Huang menekankan bahwa AI bisa membantu, namun tidak dapat mengambil alih ambisi dan pilihan manusia, karena elemen kunci dari kehendak dan agensi manusia masih di luar jangkauan mesin.
“Tujuan saya adalah pilihan saya sendiri. Kalau saya ingin liburan ke Kyoto, itu bukan karena AI yang memutuskan, tapi karena saya yang menentukan itu sebagai tujuan saya,” ujarnya.
Ia menjelaskan bahwa tugas-tugas seperti menetapkan tujuan, mengevaluasi kemajuan, dan beradaptasi dengan situasi baru masih sangat melekat pada manusia.
“Kita semua perlu punya aspirasi, dan sekarang AI akan membantu kita mewujudkan aspirasi dan tujuan tersebut,” tambahnya.
Huang mengajak perusahaan dan individu untuk menjalin hubungan kolaboratif dengan AI, bukan merasa terancam olehnya.
“Setiap perusahaan, setiap profesional, setiap orang perlu belajar berinteraksi dengan AI dan menjadikannya rekan, asisten, pembimbing, dan mitra kerja untuk membantu kita menjadi lebih produktif dan lebih sukses,” jelasnya.
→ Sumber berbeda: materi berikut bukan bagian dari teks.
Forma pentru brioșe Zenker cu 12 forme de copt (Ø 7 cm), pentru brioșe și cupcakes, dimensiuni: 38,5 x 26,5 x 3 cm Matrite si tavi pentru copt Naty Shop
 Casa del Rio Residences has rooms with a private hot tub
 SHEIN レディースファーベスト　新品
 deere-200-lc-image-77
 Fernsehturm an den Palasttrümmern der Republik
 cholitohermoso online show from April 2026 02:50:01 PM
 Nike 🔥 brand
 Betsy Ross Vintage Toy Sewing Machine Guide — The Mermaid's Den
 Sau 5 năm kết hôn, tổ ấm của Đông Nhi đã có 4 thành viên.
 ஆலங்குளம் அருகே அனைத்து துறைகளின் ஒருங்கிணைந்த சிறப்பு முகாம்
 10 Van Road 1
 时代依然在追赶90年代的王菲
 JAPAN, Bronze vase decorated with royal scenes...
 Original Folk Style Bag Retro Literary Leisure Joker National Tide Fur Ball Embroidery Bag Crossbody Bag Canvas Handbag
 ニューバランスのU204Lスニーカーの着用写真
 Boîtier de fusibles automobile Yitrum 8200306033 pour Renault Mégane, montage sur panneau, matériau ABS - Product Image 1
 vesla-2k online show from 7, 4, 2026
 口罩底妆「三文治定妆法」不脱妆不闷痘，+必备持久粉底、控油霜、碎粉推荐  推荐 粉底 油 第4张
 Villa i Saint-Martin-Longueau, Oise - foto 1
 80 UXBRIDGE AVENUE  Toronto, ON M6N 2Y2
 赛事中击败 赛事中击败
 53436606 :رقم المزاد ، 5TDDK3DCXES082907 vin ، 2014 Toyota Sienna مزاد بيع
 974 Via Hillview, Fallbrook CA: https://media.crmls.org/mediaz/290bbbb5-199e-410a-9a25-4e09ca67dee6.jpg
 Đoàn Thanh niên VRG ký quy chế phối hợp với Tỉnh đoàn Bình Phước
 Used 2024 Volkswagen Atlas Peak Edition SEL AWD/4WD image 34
Ia menepis kekhawatiran soal kehilangan pekerjaan akibat AI sebagai sesuatu yang keliru. Menurutnya, risiko yang sebenarnya justru terletak pada mereka yang tertinggal karena enggan memanfaatkan teknologi ini.
Dengan ekonomi global yang menargetkan pertumbuhan dari $100 triliun menjadi $200 triliun, Huang menilai lonjakan ini tidak mungkin dicapai hanya dari pertumbuhan populasi. Ia mencatat bahwa di tengah kekurangan tenaga kerja dan populasi yang menua, AI menjadi elemen penting bagi pertumbuhan tanpa harus menambah jumlah pekerja.
Pekan lalu, Huang mengumumkan kerja sama dengan perusahaan teknologi Taiwan dan pemerintah setempat untuk membangun superkomputer AI besar pertama di Taiwan guna mempercepat infrastruktur dan ekosistem AI negara tersebut.